_ASSIGNMENT_. Both the line containing "http://www.kumiko.com.ar/luiscaro/fp.htm" and the line containing "777888精准管家婆真假新" belong to the span. Output exactly that span from the listing below, and nothing outside it.

>>>

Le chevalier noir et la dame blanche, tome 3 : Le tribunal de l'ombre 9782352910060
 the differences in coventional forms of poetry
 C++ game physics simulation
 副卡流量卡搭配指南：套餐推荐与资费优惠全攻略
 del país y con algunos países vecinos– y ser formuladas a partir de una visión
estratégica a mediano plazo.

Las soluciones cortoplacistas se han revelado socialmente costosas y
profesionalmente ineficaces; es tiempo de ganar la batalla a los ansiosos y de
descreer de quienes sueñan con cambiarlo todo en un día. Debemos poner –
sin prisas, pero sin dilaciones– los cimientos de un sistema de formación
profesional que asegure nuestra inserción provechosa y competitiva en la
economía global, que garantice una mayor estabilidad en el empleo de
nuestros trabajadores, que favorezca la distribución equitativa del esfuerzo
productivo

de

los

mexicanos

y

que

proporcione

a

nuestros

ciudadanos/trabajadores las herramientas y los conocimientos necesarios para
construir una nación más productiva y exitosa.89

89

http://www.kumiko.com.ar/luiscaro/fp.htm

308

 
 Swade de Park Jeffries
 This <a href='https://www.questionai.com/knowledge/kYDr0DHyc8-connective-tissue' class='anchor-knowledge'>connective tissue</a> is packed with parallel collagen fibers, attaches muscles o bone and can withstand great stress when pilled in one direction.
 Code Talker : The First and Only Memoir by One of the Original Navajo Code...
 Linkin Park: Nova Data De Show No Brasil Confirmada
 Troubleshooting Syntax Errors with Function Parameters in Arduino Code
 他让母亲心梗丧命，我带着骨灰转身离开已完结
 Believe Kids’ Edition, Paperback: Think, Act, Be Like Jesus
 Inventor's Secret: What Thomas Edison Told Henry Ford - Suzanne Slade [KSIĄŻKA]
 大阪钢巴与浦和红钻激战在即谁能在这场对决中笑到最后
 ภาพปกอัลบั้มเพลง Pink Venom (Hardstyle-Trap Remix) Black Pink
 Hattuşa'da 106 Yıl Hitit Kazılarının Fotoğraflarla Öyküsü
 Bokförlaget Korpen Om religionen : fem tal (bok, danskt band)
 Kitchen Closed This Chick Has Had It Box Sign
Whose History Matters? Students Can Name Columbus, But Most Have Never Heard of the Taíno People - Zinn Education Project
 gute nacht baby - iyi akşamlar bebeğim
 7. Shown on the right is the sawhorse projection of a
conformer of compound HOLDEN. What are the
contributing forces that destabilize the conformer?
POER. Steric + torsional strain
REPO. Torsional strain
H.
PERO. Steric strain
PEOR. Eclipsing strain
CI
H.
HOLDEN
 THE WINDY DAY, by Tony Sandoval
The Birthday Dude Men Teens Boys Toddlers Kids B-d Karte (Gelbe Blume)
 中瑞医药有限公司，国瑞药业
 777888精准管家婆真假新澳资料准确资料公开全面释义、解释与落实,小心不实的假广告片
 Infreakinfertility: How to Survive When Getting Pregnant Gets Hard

<<<

_REPLY TO THE TASK_.
http://www.kumiko.com.ar/luiscaro/fp.htm

308

 
 Swade de Park Jeffries
 This <a href='https://www.questionai.com/knowledge/kYDr0DHyc8-connective-tissue' class='anchor-knowledge'>connective tissue</a> is packed with parallel collagen fibers, attaches muscles o bone and can withstand great stress when pilled in one direction.
 Code Talker : The First and Only Memoir by One of the Original Navajo Code...
 Linkin Park: Nova Data De Show No Brasil Confirmada
 Troubleshooting Syntax Errors with Function Parameters in Arduino Code
 他让母亲心梗丧命，我带着骨灰转身离开已完结
 Believe Kids’ Edition, Paperback: Think, Act, Be Like Jesus
 Inventor's Secret: What Thomas Edison Told Henry Ford - Suzanne Slade [KSIĄŻKA]
 大阪钢巴与浦和红钻激战在即谁能在这场对决中笑到最后
 ภาพปกอัลบั้มเพลง Pink Venom (Hardstyle-Trap Remix) Black Pink
 Hattuşa'da 106 Yıl Hitit Kazılarının Fotoğraflarla Öyküsü
 Bokförlaget Korpen Om religionen : fem tal (bok, danskt band)
 Kitchen Closed This Chick Has Had It Box Sign
Whose History Matters? Students Can Name Columbus, But Most Have Never Heard of the Taíno People - Zinn Education Project
 gute nacht baby - iyi akşamlar bebeğim
 7. Shown on the right is the sawhorse projection of a
conformer of compound HOLDEN. What are the
contributing forces that destabilize the conformer?
POER. Steric + torsional strain
REPO. Torsional strain
H.
PERO. Steric strain
PEOR. Eclipsing strain
CI
H.
HOLDEN
 THE WINDY DAY, by Tony Sandoval
The Birthday Dude Men Teens Boys Toddlers Kids B-d Karte (Gelbe Blume)
 中瑞医药有限公司，国瑞药业
 777888精准管家婆真假新澳资料准确资料公开全面释义、解释与落实,小心不实的假广告片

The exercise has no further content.